Political pressure almost certainly played a part in the US National Institutes of Health (NIH) sudden termination of a grant it had awarded to the Wuhan Institute of Virology (WIV) in China for joint research on coronaviruses in bats and their potential to jump into humans. The project, which was cancelled in late April, had come under public attack from President Trump and some Republican lawmakers in the preceding weeks.

Originally funded by the Obama administration with a $3.7 million (£2.98 million) grant that was held by the New York-based non-profit EcoHealth Alliance, the project was criticised because it supported joint research activities with WIV. Some senior political figures have claimed, without evidence, that the WIV is the source of the virus, rather than the Wuhan wet market.

EcoHealth Alliance said the terminated grant aimed to analyse the risk of coronaviruses and help to design vaccines and drugs against them. The organisation noted that genetic sequences of two bat coronaviruses that were discovered during the course of this project have been used as lab tools to test the antiviral drug remdesivir, which was approved by the US Food and Drug Administration as an emergency treatment for Covid-19 on 1 May.
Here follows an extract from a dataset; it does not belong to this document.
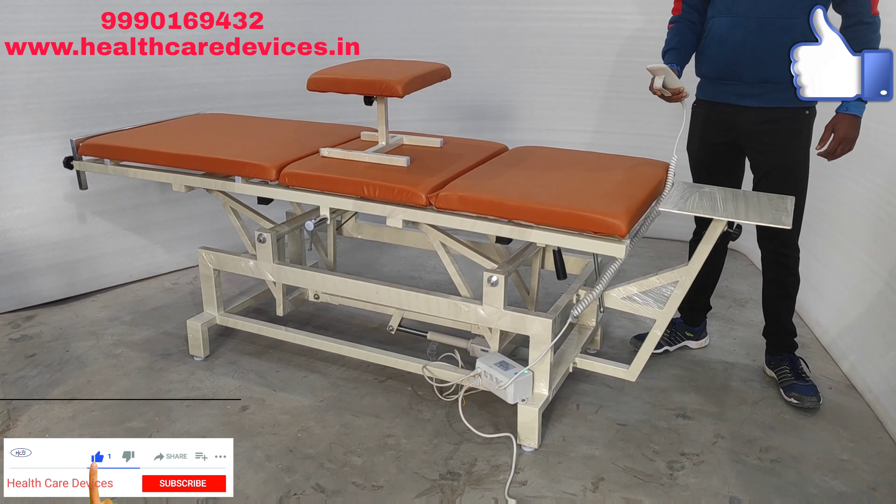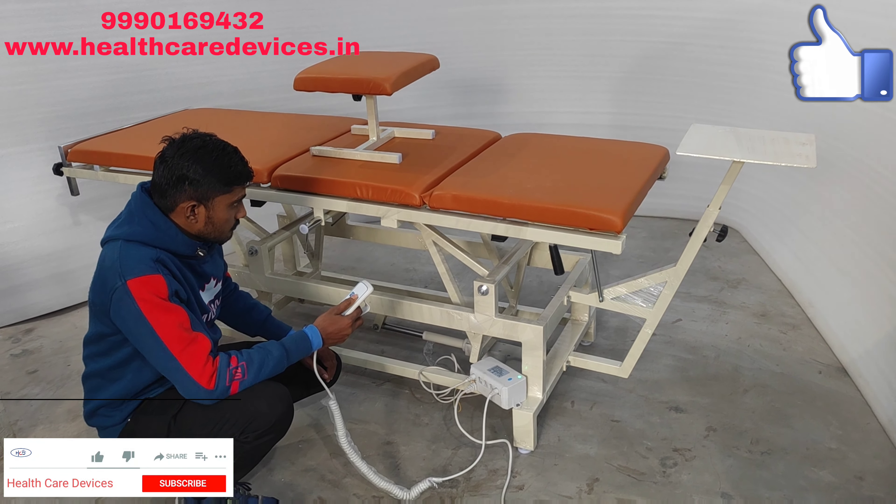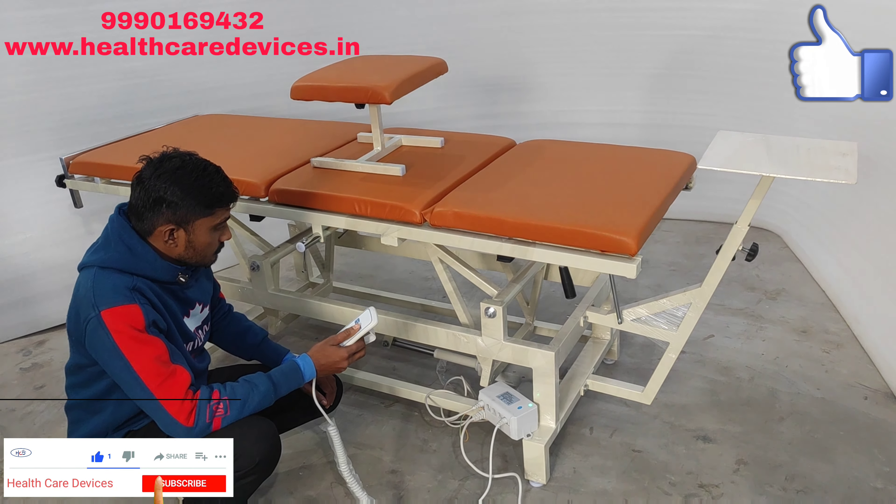Like this, you can see. We have taken it from the high-low bed to show you the demo. Now, like you have to use it in a 3-fold bed, you have to use it in this bed too — just the high-low function will be done.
The US Office of the Director of National Intelligence issued a statement* on 30 April on the origins of the novel coronavirus, confirming that the American intelligence community is investigating whether the Covid-19 outbreak might be ‘the result of an accident at a laboratory in Wuhan’. The office did emphasise that the US intelligence community ‘concurs with the wide scientific consensus that the Covid-19 virus was not manmade or genetically modified’, referring to debunked conspiracy theories that the novel coronavirus was deliberately created in a Wuhan lab.